Proof. When $\mu\left(\left|\Psi_{d}\right\rangle\right) \prec \mu(\phi)$, we can transform $\left|\Psi_{d}\right\rangle$ deterministically to $|\psi\rangle$. Suppose $\mu(\left|\Psi_{d}\right\rangle) = \left(\frac{1}{d}, \frac{1}{d}, \ldots, \frac{1}{d}\right)^{T}$, and $\mu(\phi) = \left(\phi_{1}^{2}, \phi_{2}^{2}, \ldots, \phi_{n}^{2}\right)^{T}$ are real vectors whose components are in decreasing order by the condition of majorization condition. When d ≤ n, the pure state $|\phi\rangle$ can be deterministically distilled by $\left|\Psi_{d}\right\rangle$, and when d > n, the pure state $|\phi\rangle$ cannot be deterministically distilled by $\left|\Psi_{d}\right\rangle$. Then, the minimum value is d = n and $d = \left\lceil\log _{2}n\right\rceil$, and the pure state $|\phi\rangle$ can be definitely distilled by $\left|\Psi_{2}\right\rangle^{\otimes d}$. Thus, we complete our proof.

Proposition 2 on optimal one-shot zero-error coherence dilution are directly implied by [PRL 120.070 403] [21]. Like proposition 1, proposition 2 can be used to find the minimum value of the maximum coherent state under the majorization relationship.

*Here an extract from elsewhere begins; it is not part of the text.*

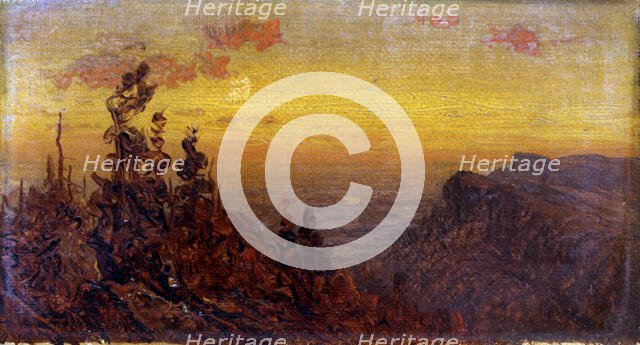 Indians at Campfire--Moon Rising, n.d. Creator: Sanford Robinson Gifford.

Table 3. All permutation relationships of $\mu\left(\left|\Psi_{\mathrm{d}}\right\rangle\right) \prec \mu(\phi)$.

$\frac{1}{\sqrt{n}} \leq \phi_{1}$$\frac{1}{\sqrt{n}} \leq \phi_{2}$$\frac{1}{\sqrt{n}} \leq \phi_{3}$ ... $\frac{1}{\sqrt{n}} \leq \phi_{n-1}$

$\frac{1}{\sqrt{n}} \geq \phi_{2}$	$|1\rangle \leftrightarrow|2\rangle$	-	-	...	-
$\frac{1}{\sqrt{n}} \geq \phi_{3}$	$|1\rangle \leftrightarrow|3\rangle$	$|2\rangle \leftrightarrow|3\rangle$	-	...	-
$\frac{1}{\sqrt{n}} \geq \phi_{4}$	$|1\rangle \leftrightarrow|4\rangle$	$|2\rangle \leftrightarrow|4\rangle$	$|3\rangle \leftrightarrow|4\rangle$	...	-
...	...	...	...	...	...
$\frac{1}{\sqrt{n}} \geq \phi_{n}$	$|1\rangle \leftrightarrow|n\rangle$	$|2\rangle \leftrightarrow|n\rangle$	$|3\rangle \leftrightarrow|n\rangle$	...	$|n-1\rangle \leftrightarrow|n\rangle$

It is obvious that coherent dilution and coherent distillation are the same protocols in solving the definite SIO operator. Because of their different properties, there are also some differences in solving substitution. For all permutation relationships, we have $\frac{1}{\sqrt{n}} \leq \phi_{1}$ and $\frac{1}{\sqrt{n}} \geq \phi_{n}$. In the specific dilution process, we can determine the optimal relations $\frac{1}{\sqrt{n}} \leq \phi_{i}(i = 1,2, \ldots, n-1)$ and $\frac{1}{\sqrt{d}} \geq \phi_{j}(j = 2,3, \ldots, n)$, but for the initial coherent state and other coefficients of the final coherent state, there are still (n − 1) to $\lfloor n / 2\rfloor\lceil n / 2\rceil$ relations.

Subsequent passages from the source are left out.